Recklinghausen. . Erneut bespielt das Deutsche Literaturarchiv Marbach das Festspielhaus: „Finden: 1913“ führt mit Tucholsky, Hesse und Schnitzler durch das Vorkriegsjahr.

„Es wird nicht gehängt, nicht vergoldet“, sagt Franz Peschke. Wie improvisiert lehnen die hohen Tafeln mit Texten und Bild-Reproduktionen an den Wänden des Rangfoyers. „Ungewöhnlich schön“ nennt der künstlerische Berater der Ruhrfestspiele diese zweite Zusammenarbeit mit dem Deutschen Literaturarchiv in Marbach.

Schatzkammer für Millionen Blätter

50 Millionen Einzelblätter bewahrt – größtenteils unterirdisch – der in einen Hang über dem Neckar platzierte Bau von David Chipperfield, dem Architekten des neuen Folkwang-Museums. In Schillers Geburtsstadt leitet Dr. Heike Gfrereis eine führende Institution der deutschsprachigen Literatur des 20. Jahrhunderts, die neben fragilen Handschriften bei konstant „18 Grad, 50 Lux“ im pointiert beleuchteten Halbdunkel auch Thomas Manns Taufkleidchen und Schillers Schnallenschuhe konservatorisch korrekt präsentiert.

Man erwarte also keine Original-Exponate im Rangfoyer. Schließlich war auch die erste Ausstellung von Dr. Gfrereis in Recklinghausen – „Räuber sein!“ – ein Experiment für Mitmach-Mutige, die sich trauten, im Rhythmus des „Sturm und Drang“ zu atmen, Mimik, Gestik und Stimme zu trainieren.

„Finden: 1913“, so der Titel der aktuellen Schau vor dem Theaterbesuch, ist da konventioneller. Das Prinzip gleicht der Collage-Technik von Florian Illies’ überraschendem Bestseller „1913“: als streng kalendarisch gegliederter Gang durch das letzte Jahr vor den Grabenkämpfen des Ersten Weltkriegs.

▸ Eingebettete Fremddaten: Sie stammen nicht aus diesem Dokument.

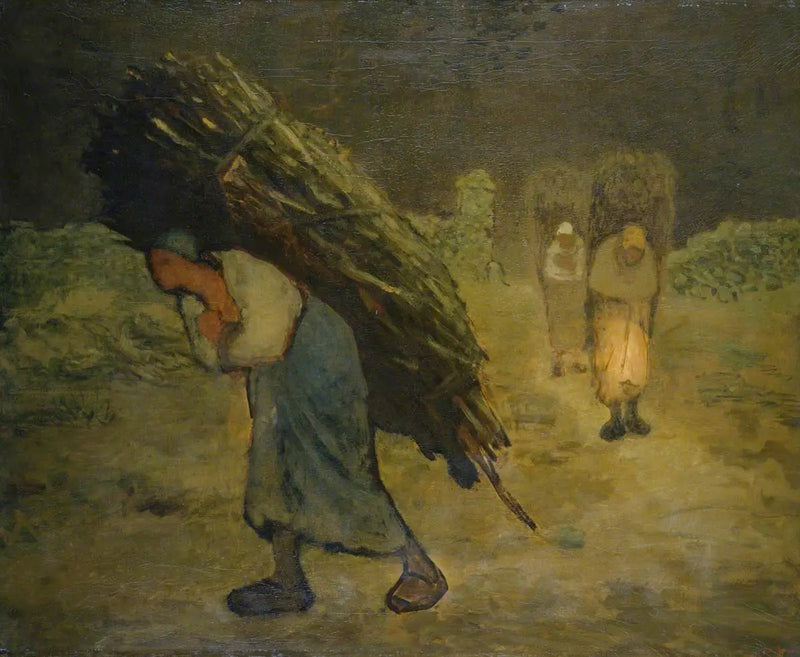 Winter, the pickers of pédés - Jean-François Millet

Allerdings machte das Team um die Marbacher Archiv- und Museumsleiterin – an ihrer Seite als Co-Kuratorin Ellen Strittmatter und als Gestalter Diethard Keppler – noch ganz andere Entdeckungen als der Autor des einst so trendigen „Generation Golf“-Buches. Zu den Fundsachen des Marbacher Trios zählt (am 9. Januar) „Kurt Tucholsky lässt sich fotografieren“. Der spätere „Theobald Tiger“ und Pseudonyme-Jongleur war 1913 noch unentschlossen zwischen Feuilleton und der Promotion als Jurist. Und seine Widmung auf dem Foto zitiert „Heidedichter“ Hermann Löns: „Es braucht kein Mensch zu wissen, dass ich dein Liebster bin.“

Im nasskalten Sommer 1913 (eine Fundsache vom 2. Juli) ging Hermann Hesse, 13 Jahre älter als „Tucho“, mit seinem Verleger Samuel Fischer im teils noch verschneiten Engadin auf Wanderschaft. Der längst als zuverlässig skandalöser Dramatiker arrivierte Arthur Schnitzler traf’s besser: Er spielte (am 24. August) Tennis auf der Adria-Insel Brioni, damals die Küste von Österreich.

Und das Verhängnis? Ahnte es niemand? Am 12. Dezember las Heinrich Mann in der Münchner Galerie Caspari aus einem unvollendeten Roman: „Der Untertan“ sollte erst 1918 erscheinen. Thomas Manns älterer Bruder traf den Ungeist der Zeit so genau, dass sein Werk vier Jahre von der Kriegszensur verboten blieb.